Já PELUQUERO FUTEBOLERO (Espanha, 2012), de Juan Manuel Aragon, vive principalmente do seu argumento. Não revelando nada de novo, aproveita, ainda assim, os elementos à disposição para criar uma história divertida pelos seus contornos absurdos. Vale pelas gargalhas e pela (passageira) interrogação se a desorientação do homem que, acabado de trair o clube, vai cortar o cabelo não passará de um conflito interior?
Menos objectivos - até porque não precisam de o ser - são MILK GLASS (Rússia, ?), de Egor Chichkanov, DOUBLE TAKE (Suécia, ?), de J. Tobias Anderson, e DELL' AMMAZZARE IL MAIALE (Itália, 2011), de Simone Massi. Sobre os dois primeiros, a conversa é rápida: o de Chichkanov é um videoclipe - bem filmado, é verdade, mas um videoclipe, ainda assim -, a roçar o artsy-fartsy, enquanto que o de Anderson é uma montagem em split-screen de cenas de Intermezzo: A Love Story, de Gregory Ratoff, decompondo campos-contra-campos de Leslie Howard e Ingrid Bergman (acabei por gostar do resultado). Relativamente ao de Massi, sobre o qual já tive a oportunidade de escrever a propósito de um outro evento, confirmei duas suspeitas: primeiro, que o trabalho técnico da animação é, de facto extraordinário - já para não falar da sonorização -; segundo, que falta significado à obra, viajando-se apenas entre camadas.
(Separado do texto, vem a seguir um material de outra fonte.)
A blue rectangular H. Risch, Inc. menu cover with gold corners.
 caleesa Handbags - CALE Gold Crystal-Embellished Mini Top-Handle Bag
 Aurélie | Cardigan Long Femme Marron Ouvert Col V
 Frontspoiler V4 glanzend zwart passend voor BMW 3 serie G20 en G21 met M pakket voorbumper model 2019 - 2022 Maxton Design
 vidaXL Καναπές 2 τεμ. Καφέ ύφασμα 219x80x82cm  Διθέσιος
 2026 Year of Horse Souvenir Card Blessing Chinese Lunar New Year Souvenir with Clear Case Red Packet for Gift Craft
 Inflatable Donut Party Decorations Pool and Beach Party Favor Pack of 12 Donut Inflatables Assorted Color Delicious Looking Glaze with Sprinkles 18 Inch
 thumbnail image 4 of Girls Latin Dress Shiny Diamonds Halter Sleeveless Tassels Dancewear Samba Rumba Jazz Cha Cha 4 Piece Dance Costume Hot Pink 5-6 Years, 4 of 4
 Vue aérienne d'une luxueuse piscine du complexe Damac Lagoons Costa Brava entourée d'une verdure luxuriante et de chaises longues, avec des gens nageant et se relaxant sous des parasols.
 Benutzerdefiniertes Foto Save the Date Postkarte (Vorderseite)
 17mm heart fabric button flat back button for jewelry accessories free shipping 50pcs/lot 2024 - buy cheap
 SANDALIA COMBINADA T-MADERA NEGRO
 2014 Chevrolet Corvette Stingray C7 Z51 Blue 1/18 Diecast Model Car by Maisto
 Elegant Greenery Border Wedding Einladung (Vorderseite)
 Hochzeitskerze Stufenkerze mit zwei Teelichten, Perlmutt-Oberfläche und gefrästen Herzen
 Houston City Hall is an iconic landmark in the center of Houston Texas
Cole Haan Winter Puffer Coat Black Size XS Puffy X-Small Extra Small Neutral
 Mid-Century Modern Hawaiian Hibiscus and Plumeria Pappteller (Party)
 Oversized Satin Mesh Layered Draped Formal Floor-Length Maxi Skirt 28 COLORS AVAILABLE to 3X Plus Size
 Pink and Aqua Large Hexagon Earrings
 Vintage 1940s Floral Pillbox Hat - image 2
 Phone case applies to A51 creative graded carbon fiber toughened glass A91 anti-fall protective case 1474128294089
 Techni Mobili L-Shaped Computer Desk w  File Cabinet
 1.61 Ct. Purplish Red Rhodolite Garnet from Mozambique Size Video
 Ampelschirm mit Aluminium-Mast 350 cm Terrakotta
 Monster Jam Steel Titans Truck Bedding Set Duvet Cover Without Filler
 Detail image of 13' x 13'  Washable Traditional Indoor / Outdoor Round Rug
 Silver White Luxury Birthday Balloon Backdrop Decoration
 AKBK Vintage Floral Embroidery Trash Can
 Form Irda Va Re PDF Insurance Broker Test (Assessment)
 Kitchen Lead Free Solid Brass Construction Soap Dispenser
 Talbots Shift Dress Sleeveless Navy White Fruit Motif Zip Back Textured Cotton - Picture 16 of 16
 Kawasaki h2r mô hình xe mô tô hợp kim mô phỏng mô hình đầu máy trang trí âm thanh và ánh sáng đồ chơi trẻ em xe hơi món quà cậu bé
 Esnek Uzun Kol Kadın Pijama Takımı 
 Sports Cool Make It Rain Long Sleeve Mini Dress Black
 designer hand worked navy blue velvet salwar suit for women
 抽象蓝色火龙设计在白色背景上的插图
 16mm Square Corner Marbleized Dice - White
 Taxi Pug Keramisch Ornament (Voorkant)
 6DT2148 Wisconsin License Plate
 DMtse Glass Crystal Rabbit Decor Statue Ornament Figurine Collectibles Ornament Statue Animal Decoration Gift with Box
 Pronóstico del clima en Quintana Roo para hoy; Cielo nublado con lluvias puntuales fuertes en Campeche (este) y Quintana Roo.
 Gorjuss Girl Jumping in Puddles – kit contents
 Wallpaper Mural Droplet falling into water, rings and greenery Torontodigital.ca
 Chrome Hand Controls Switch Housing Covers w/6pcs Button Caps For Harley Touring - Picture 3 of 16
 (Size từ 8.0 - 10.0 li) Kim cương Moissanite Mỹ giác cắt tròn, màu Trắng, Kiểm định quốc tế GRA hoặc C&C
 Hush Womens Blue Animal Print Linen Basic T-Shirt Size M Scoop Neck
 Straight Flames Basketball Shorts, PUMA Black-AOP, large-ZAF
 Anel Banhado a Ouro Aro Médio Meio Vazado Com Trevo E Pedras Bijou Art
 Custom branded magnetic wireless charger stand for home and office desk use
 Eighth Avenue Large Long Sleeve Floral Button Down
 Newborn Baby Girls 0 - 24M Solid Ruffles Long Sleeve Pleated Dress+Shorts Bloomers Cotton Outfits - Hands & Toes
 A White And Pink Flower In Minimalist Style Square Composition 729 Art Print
NEGOTIATING REPRESENTATION IN ISRAEL AND PALESTINE (Israel/Palestina/Reino Unido, ?), de Huw Wahl, parece-me um objecto com mais valor social/humanitário do que cinematográfico. Não fosse o magnífico trabalho de som - de uma riqueza enorme -, pouco havia a espremer, em Cinema, do conjunto de stills de fotojornalistas narrado pelos próprios. Salva-se a mensagem da liberalização da imagem enquanto ferramenta da consciência social (e global). Melhor na combinação da mensagem com a linguagem cinematográfica é ANDERSARTIG (Alemanha, 2011), de Dennis Stein-Schomburg, animação de traço delicado contada pela única sobrevivente de um bombardeamento a um orfanato alemão durante a Segunda Guerra Mundial. Relato impressionante de uma juventude perdida, suportada pela leveza etérea que lhe dá forma.
Guardou-se o melhor para o fim. DEUS ET MACHINA (Espanha, 2012), de Koldo Almandoz, é uma obra rara no modo como se desenha. Um homem chega a uma fábrica de manhã e põe a funcionar o Mundo - trata-se de um Deus-Maquinista encantado pela Natureza que gere, mas descontente com os homens que O gerem. Se calhar Nietzsche enganou-se e Deus, afinal, não morreu: escolheu foi demitir-se daquele emprego ingrato e deixar as responsabilidades para outro.